The poem reads like a strange, surreal prayer. Anger and loss predominate in describing the relationship with God. The use of the pronoun “we” flows naturally in Jewish thought and practice, in which regulations strictly mandate communal prayer. Ashamnu, literally “we have sinned,” is the prayer that runs alphabetically through the list of transgressions asking for forgiveness on Yom Kippur, the Day of Atonement. The use of “we” establishes the importance and culpability of all people in the face of God.
It is not clear that the condition described is the result of any specific sin. In fact, the angry tone of the poem implies that an injustice has been done against humanity. As the poem proceeds, it seems that “we” have acted out of obedience to God. “We” are near, and “we” went to the trough like cattle, bent over, submitted to be watered, and drank as directed. Yet this violation continued. The Lord, the shepherd, shed the blood of his own flock. “We” even drank it in obedience to God. The drinking of blood is an important allusion because it carries radically different significances for Judaism and Christianity. In Christian doctrine the blood of Christ gives life, while in Judaism the consuming of blood is strictly forbidden. Thus in a Jewish context, to drink blood at the crater is to violate one of God’s commandments.

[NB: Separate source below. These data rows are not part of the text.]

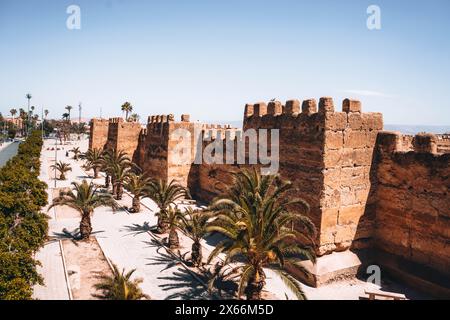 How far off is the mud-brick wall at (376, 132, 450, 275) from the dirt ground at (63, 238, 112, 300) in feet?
31.3

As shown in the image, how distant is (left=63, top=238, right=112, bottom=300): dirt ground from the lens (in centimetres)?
1026

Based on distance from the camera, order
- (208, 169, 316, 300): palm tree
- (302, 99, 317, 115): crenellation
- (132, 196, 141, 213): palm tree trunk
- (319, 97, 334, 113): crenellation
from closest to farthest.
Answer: (208, 169, 316, 300): palm tree, (319, 97, 334, 113): crenellation, (302, 99, 317, 115): crenellation, (132, 196, 141, 213): palm tree trunk

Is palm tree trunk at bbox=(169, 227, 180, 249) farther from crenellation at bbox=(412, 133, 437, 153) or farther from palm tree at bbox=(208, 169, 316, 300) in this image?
crenellation at bbox=(412, 133, 437, 153)

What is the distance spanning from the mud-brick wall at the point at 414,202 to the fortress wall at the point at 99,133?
27.5 meters

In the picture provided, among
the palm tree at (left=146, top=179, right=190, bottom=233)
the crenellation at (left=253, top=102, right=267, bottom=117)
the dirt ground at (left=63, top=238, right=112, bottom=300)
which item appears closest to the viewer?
the dirt ground at (left=63, top=238, right=112, bottom=300)

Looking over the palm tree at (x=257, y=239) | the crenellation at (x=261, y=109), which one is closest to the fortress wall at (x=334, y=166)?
the palm tree at (x=257, y=239)

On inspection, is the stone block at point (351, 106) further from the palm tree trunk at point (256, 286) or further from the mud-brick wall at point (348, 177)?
the palm tree trunk at point (256, 286)

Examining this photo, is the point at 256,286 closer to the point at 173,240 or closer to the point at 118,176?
the point at 173,240

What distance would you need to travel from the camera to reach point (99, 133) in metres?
33.7

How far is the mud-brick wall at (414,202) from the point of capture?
10.4 meters

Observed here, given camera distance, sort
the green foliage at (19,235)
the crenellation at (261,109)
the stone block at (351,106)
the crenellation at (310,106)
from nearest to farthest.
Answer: the green foliage at (19,235) < the stone block at (351,106) < the crenellation at (310,106) < the crenellation at (261,109)

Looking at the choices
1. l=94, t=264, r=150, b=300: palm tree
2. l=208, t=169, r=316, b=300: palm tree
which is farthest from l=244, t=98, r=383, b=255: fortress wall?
l=94, t=264, r=150, b=300: palm tree

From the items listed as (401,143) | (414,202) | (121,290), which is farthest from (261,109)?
(121,290)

Thus not only is God’s covenant with Jews eclipsed by the revelation of Christ, but also the Christian notion is eclipsed by the overriding existentialist tone realizing the absence of God. For the existentialist, this absence is a point of departure not toward nihilism but toward constructing new meaning. The poem reads: “your image into our eyes, Lord.” The image of God and the faces of those staring into the pool become one. Likewise, when the eyes and mouth appear empty, God too is drained of life—another eclipse. Finally, the people depicted in the poem drink not only the blood but also the image in the blood, their own image, which in the poem inverts creation back to humanity as it sees itself and the God it created.
The multiple eclipses of “Tenebrae” are found not only in the juxtaposition of imagery but also in the language of the poem used to construct it. While in Christianity Christ is the incarnation of the Word in the flesh, within Judaism (accentuated in the Kabbala), words, the letters that form them, and even the spaces between them are thought literally to make up creation and the mystery behind it. The construction of the poem, Celan’s use of a minimal number of words, and, more important, the use of a single vocabulary to describe seemingly contrary explanations all reflect a deep sense of distance from the dominant notion of God. If the central eclipse evokes the Passion of Christ, in Celan’s poem it is the mythic Passion that is eclipsed—not only by a seemingly Godless reality but also by the realization of humanity’s role in constructing it.